### YOUR OBJECTIVE
From the first line to the last, please print the entries exactly, omitting pictures.

### DATASET EXCERPTS
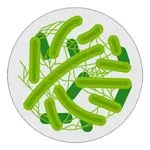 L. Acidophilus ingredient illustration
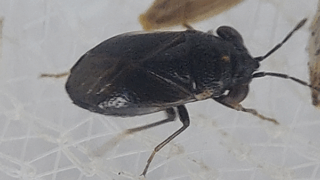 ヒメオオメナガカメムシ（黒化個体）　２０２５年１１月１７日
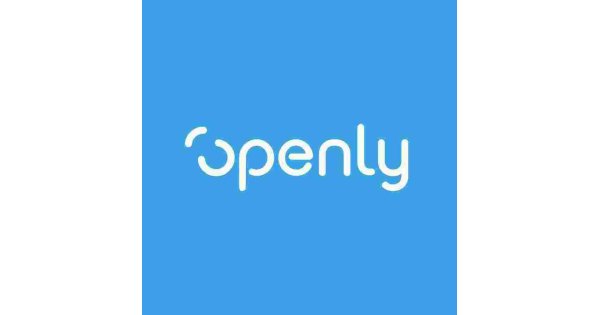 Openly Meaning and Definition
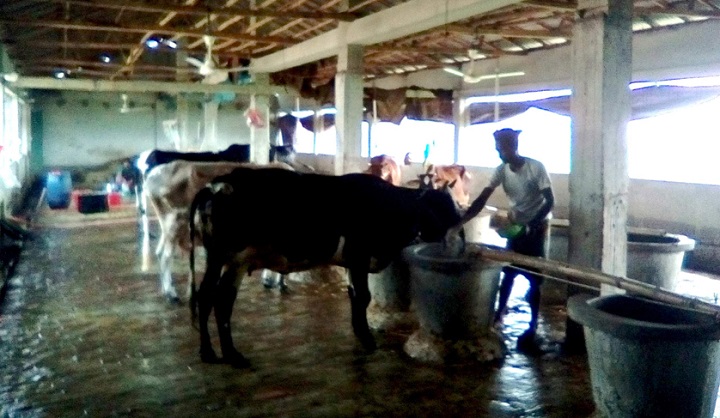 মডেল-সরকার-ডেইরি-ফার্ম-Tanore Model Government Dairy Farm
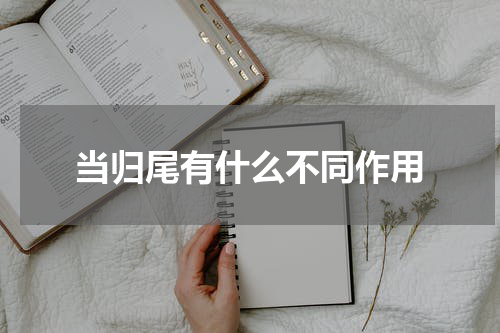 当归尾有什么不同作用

### REPLY
 L. Acidophilus ingredient illustration
 ヒメオオメナガカメムシ（黒化個体）　２０２５年１１月１７日
 Openly Meaning and Definition
 মডেল-সরকার-ডেইরি-ফার্ম-Tanore Model Government Dairy Farm
 当归尾有什么不同作用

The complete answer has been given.